SkySQL and Life After Amazon Redshift, Part 2
We already gutted Amazon Redshift in Part 1, we might as well finish with a fatality. Yes, the Mortal Kombat in the arcade at the roller rink kind of fatality. And yes, I had custom roller skates. Will I share pictures in a future blog post? No.
Now, back to cloud data warehouses. Redshift is great if…
- You have money to burn, and enjoy bonfires.
- You love complexity, and prefer Reptangles over Legos.
If you don’t, it’s time for something better (and less expensive). Here’s the thing.
Redshift is up to 40% more expensive than SkySQL (and runs on a 15 year old database).

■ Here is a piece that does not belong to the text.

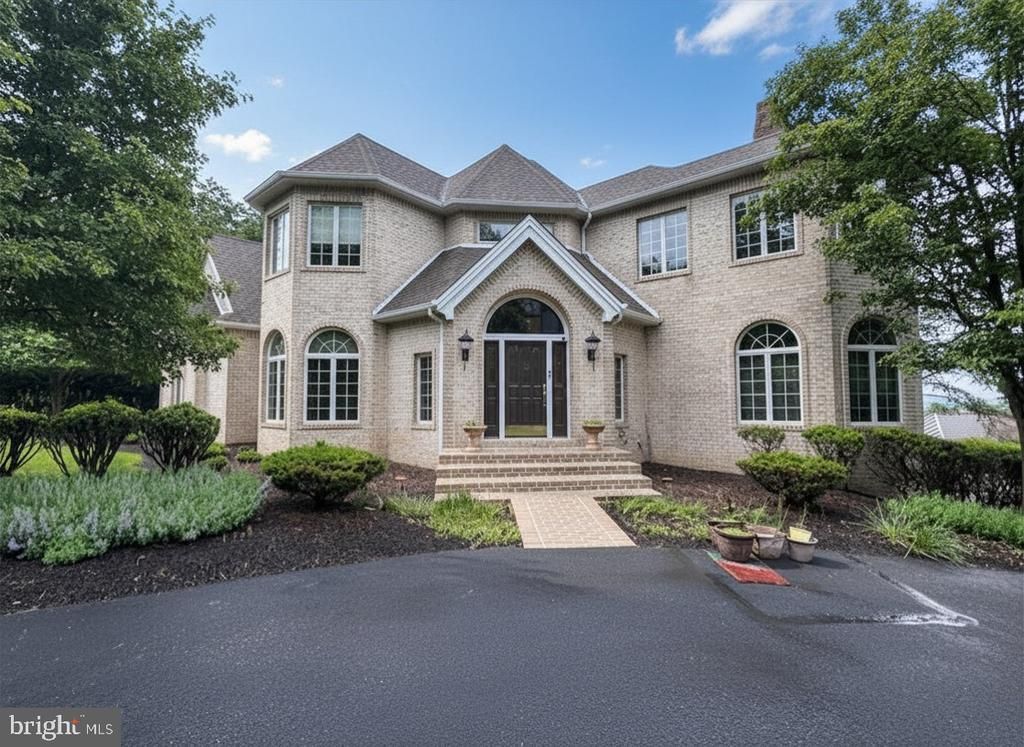 2394 FOREST HILLS DRIVE, HARRISBURG, PA 17112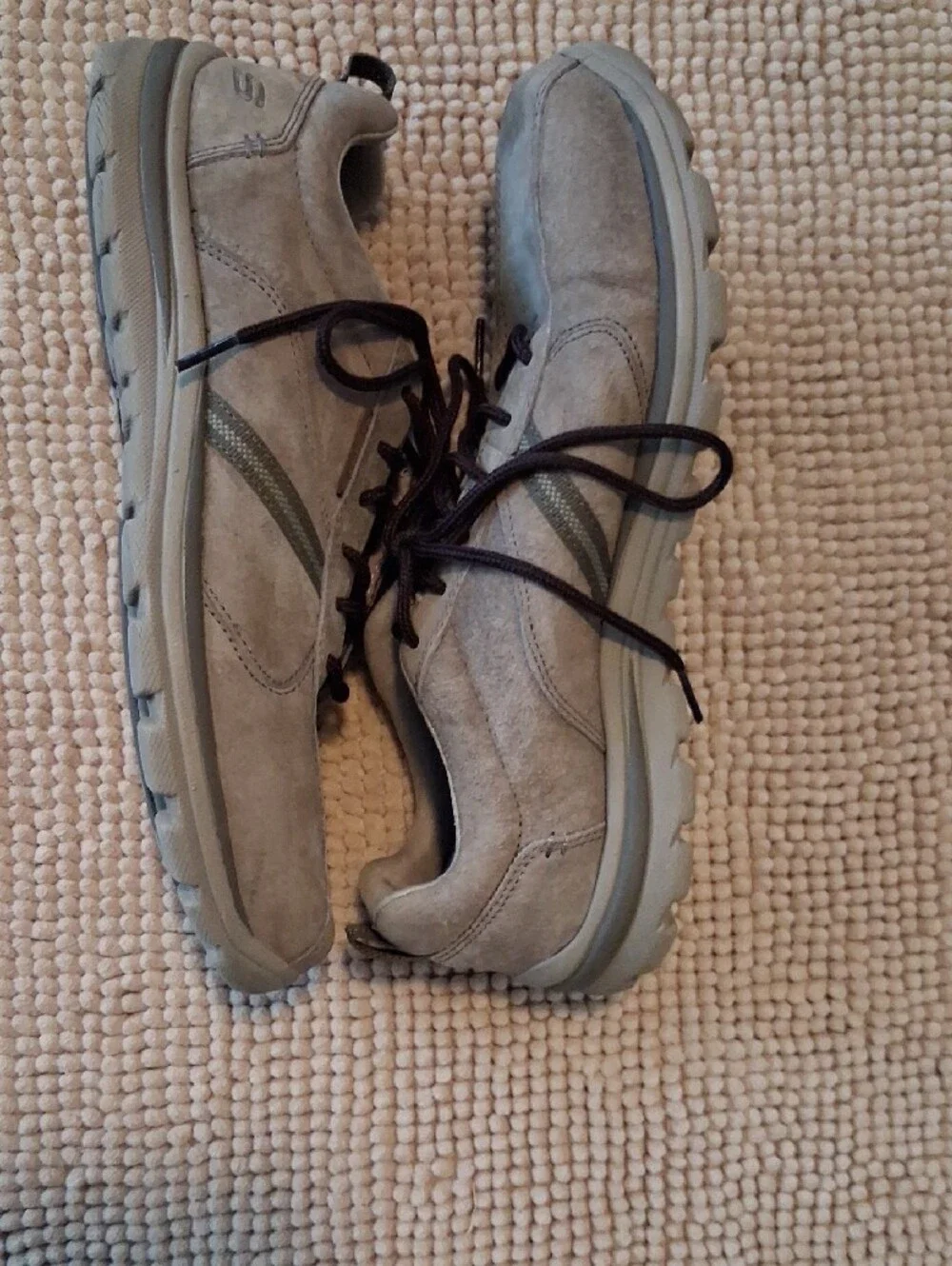 Skechers Women Gray and Dark Brown Lace-Up Casual Sneakers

If you just need a data warehouse for an hour, it doesn’t matter. What’s a few dollars? But we’re talking about thousands of dollars monthly, tens of thousands annually. It adds up, and fast.
Let’s dig in.
Redshift pricing
Amazon has three instance types available for Redshift, but recommends two, so let’s focus on those. The DC2 instance types store data on local SSDs. The RA3 instance types use Redshift Managed Storage (RMS) with data stored on local SSDs and spilling over to S3 when they are full.
Here are your options (all four of them):
Name | vCPU | Memory | Storage | Price |
dc2.large | 2 | 15GB | 0.16TB | $0.33/hour |
dc2.8xlarge | 32 | 244GB | 2.56TB | $6.40/hour |
ra3.4xlarge | 12 | 96GB | 64TB | $3.606/hour |
ra3.16xlarge | 48 | 384GB | 64TB | $14.424/hour |
Basically, you can choose between extra small and extra large. However, unless you choose the dc2.large instance type, Redshift requires a cluster with at least two (2) nodes, doubling the starting price. That shirt that’s only available in the wrong size, you have to buy two of them.
Name | vCPU | Memory | Storage* | Price |
1x dc2.large | 2 | 15GB | 0.16TB | $0.33/hour |
2x dc2.8xlarge | 64 | 488GB | 2.56TB | $12.80/hour |
2x ra3.4xlarge | 24 | 192GB | 64TB | $7.212/hour |
2x ra3.16xlarge | 96 | 768GB | 64TB | $28.848/hour |
* A cluster of two (2) does not double the storage because the data is replicated, with both nodes storing all of the data.
SkySQL pricing
SkySQL, on the other hand, does not force you to use a separate, smaller set of instance types for data warehouses. You can create a data warehouse with any of the instance types available in SkySQL.
Name | vCPU | Memory | Storage * | Price |
Sky-4×15 | 4 | 15GB | Unlimited | $0.45/hour |
Sky-4×26 | 4 | 26GB | Unlimited | $0.63/hour |
Sky-8×30 | 8 | 30GB | Unlimited | $0.90/hour |
Sky-8×52 | 8 | 52GB | Unlimited | $1.27/hour |
Sky-16×60 | 16 | 60GB | Unlimited | $1.81/hour |
Sky-16×104 | 16 | 104GB | Unlimited | $2.53/hour |
Sky-32×120 | 32 | 120GB | Unlimited | $3.61/hour |
Sky-32×208 | 32 | 208GB | Unlimited | $5.07/hour |
Sky-64×240 | 64 | 240GB | Unlimited | $7.202/hour |
Sky-64×416 | 64 | 416GB | Unlimited | $10.141/hour |
* SkySQL data warehouse storage is unlimited, but like RMS, it does incur a cost. RMS is $0.0271/GB per month while SkySQL is $0.026/GB per month.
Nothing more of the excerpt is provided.